Chartes promoteurs : Première annulation judiciaire d’une délibération approuvant une charte

De plus en plus de communes adoptent des chartes pour réguler, voire contrôler, les opérations visant à la production de logements. Ces chartes imposent des prescriptions aux promoteurs qui vont bien au-delà de ce que les communes peuvent intégrer dans leurs documents d’urbanisme. Un tribunal administratif vient d’annuler la délibération d’un Conseil municipal approuvant une charte de ce type et d’autres annulations pourraient suivre. 
17:2120/02/2023
Rédigé par FFB Nationale

 

La FFB, qui rappelle qu’elles ne sont aucunement obligatoires et qui estime qu’elles devraient faire l’objet d’une régulation, salue cette décision judiciaire.

 

« Charte de l’urbanisme et du cadre de vie », « charte pour la qualité des constructions », « charte de la construction pour une ville résiliente » … Derrière ces appellations diverses et variées, que l’on regroupe communément sous le terme de « chartes promoteurs », se cachent des outils de régulation et de contrôle, par les communes, des opérations de construction de logements. 

 

Les promoteurs voient ainsi fleurir des documents mis en place par les communes, dénués de toute base légale, leur imposant de nombreuses contraintes, qui vont bien au-delà de ce que les communes peuvent imposer via leurs documents d’urbanisme. On trouve ainsi dans ces chartes des procédures spécifiques d’instruction des demandes de permis, des règles relatives au choix de l’architecte, à la gestion du chantier, à la commercialisation des logements et à leur prix de vente, à la répartition et à la surface minimale des logements, à leur aménagement intérieur…

 

Les communes soutiennent que ces chartes ont pour but de favoriser le dialogue avec les promoteurs, mais en pratique elles sont bien souvent élaborées de manière unilatérale par les communes, sans phase de concertation avec les promoteurs. Elles sont ensuite proposées à la signature des promoteurs, qui n’ont pas d’autre choix que d’y souscrire afin de favoriser la réalisation de leur projet. 

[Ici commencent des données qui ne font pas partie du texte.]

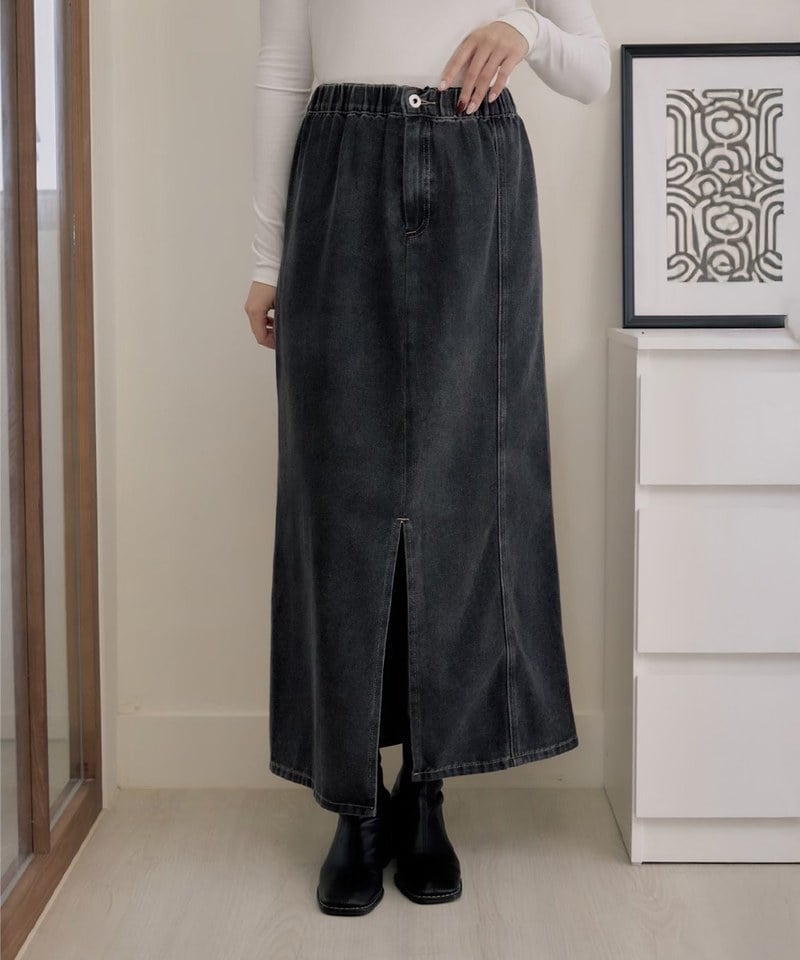 GTN9901-251 Gmade-三穿法鬆緊開衩直臀牛仔裙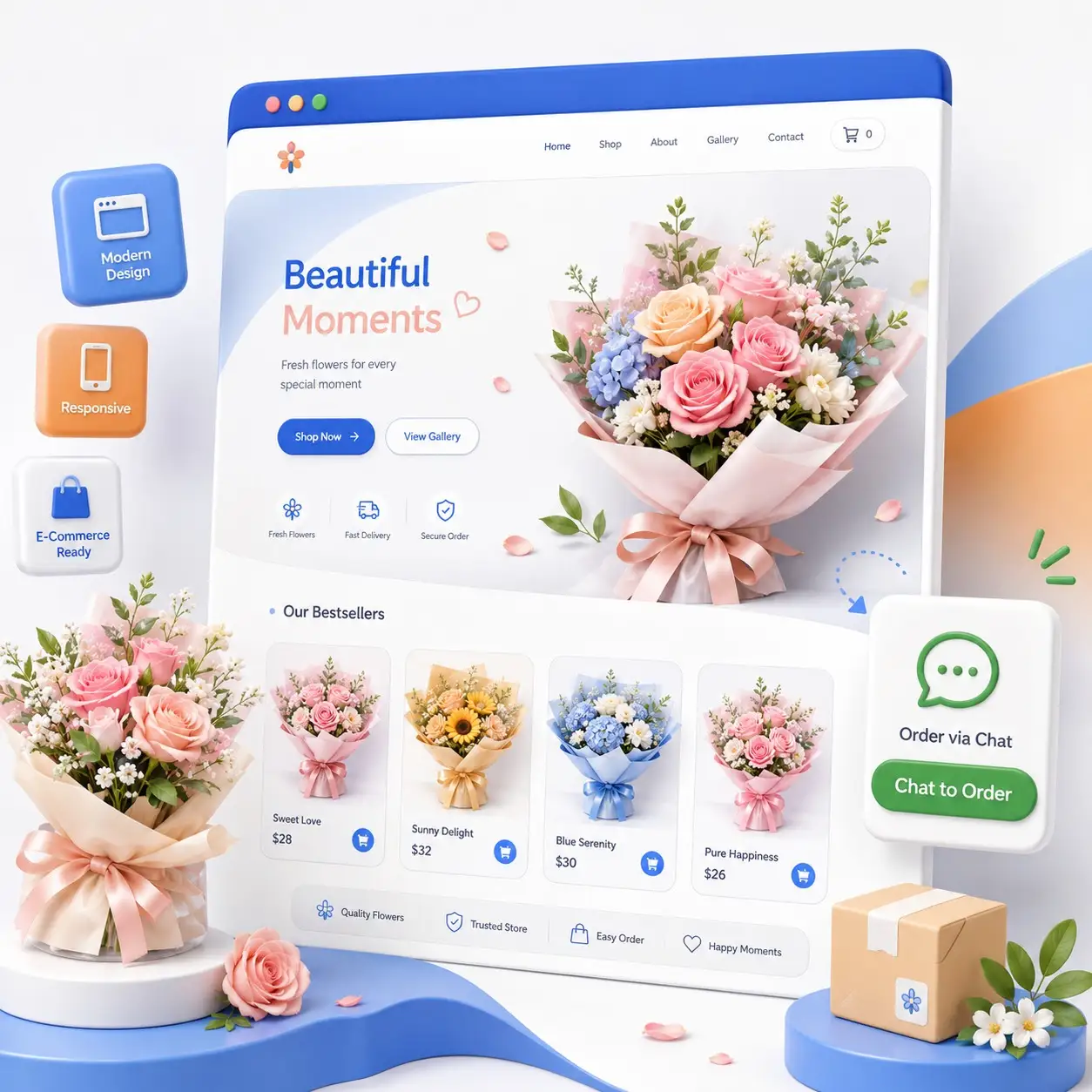 FloraTech - Landing Page Florist Minimalis & Modern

Juridiquement, ces chartes ne sont pas opposables aux demandes de permis de construire. 

 

La Cour administrative d’appel de Bordeaux l’a d’ailleurs relevé dans un arrêt du 29 septembre 20161. Pour autant, la délivrance des permis et la réalisation des projets sont implicitement conditionnées à l’adhésion des promoteurs aux chartes et à leur respect.

Ces chartes sont généralement adoptées par délibération du Conseil municipal ou par arrêté du maire. Elles peuvent donc faire l’objet d’un recours contentieux.

 

C’est ainsi que le Préfet de Seine-Maritime a saisi le tribunal administratif de Rouen, à la suite de l’adoption par la commune de Bois-Guillaume d’une « Charte de l’urbanisme et du cadre de vie ».

Ce tribunal a récemment prononcé l’annulation de la délibération du Conseil municipal approuvant cette charte2, ce qui est une première.

Dans cette affaire, les juges retiennent que la commune n’est pas compétente pour adopter des prescriptions en matière d’urbanisme via cette charte, car cette compétence relève de l’intercommunalité dont elle est membre (la métropole Rouen Normandie).

Ils retiennent également que la délibération du Conseil municipal était illégale, car la charte avait pour objet d’imposer aux opérateurs immobiliers « des règles impératives relatives à la conception et à la réalisation de projets de construction, relevant, par leur nature, de la loi ou du règlement ».

Cette charte prévoyait notamment une phase de pré-instruction des demandes de permis, pendant laquelle le promoteur devait présenter à la mairie une étude de faisabilité, une évaluation des impacts du projet sur l’environnement et ses hypothèses de bilan financier, puis soumettre son projet architectural à un jury d’architectes auquel la mairie était associée.

Or, les juges rappellent que les demandes de permis de construire ne peuvent être instruites que dans les conditions fixées par le code de l’urbanisme, qui définit de manière limitative les informations ou pièces pouvant être exigées par les services instructeurs.

La FFB, qui appelle de longue date à une régulation de ces chartes, salue cette décision judiciaire et appelle les préfets à saisir les tribunaux pour faire annuler les chartes illégales.